Asıl adı Donatien Alphonse François de Sade olan ve Marquis de Sade olarak bilinen Fransız edebiyatçı, filozof ve politikacı, 2 Haziran 1740 yılında Paris'te Condé Şatosu'nda dünyaya gelir. Aristokrat bir aileye sahip olan yazar, ailesinin comte ve marquis* unvanlarından bu zamana kadar sadece büyükbabasının kullanmış olduğu marquis unvanını seçer. 10 yaşına kadar, Paris dışında yaşayan ve Katolik bir başrahip olan amcasının yanında büyür. O zamanlar kimse bilmese bile, yetişkinliğinde yaşayacağı hayat, başrahip unvanına rağmen amcasının, böylesine korkunç bir insan yetiştirmek suçuyla hapse atılmasına neden olacaktır (1762).
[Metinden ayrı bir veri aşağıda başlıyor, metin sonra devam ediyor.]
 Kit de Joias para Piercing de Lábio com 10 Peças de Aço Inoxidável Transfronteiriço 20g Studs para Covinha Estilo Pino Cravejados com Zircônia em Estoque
10 yaşına geldiğinde Paris'teki evine dönen Marquis de Sade, sıkı denetimi ve ağır cezalarıyla ün salmış bir lise olan Louis-le-Grand'da eğitim görür. 1754 yılındaki mezuniyetinden sonra askeri eğitim alır. Böylece hem dini hem de askeri eğitim almış olan Sade, 1757 yılında Yedi Yıl Savaşları'na katılır. 1763 yılında savaştan döner ancak önceleri bilindiği gibi bir insan değildir artık. Savaş onu değiştirmiştir belki, belki de sadece içinde var olanı ortaya çıkarmış yani onu özgürleştirmiş, korkusuzlaştırmış ve bu vesile ile içindeki en karanlık arzuları dahi hiçbir çekincesi olmadan yaşayabilme cüretini vermiştir ona. Sebebi her ne olursa olsun gözle görülür bir fark vardır artık ortada, aldığı dini ve askeri eğitime rağmen topluma aykırı, kural tanımaz, ahlaksız tavırlara sahiptir ve bu karakteristik değişim kendini günden güne daha net gösterecektir.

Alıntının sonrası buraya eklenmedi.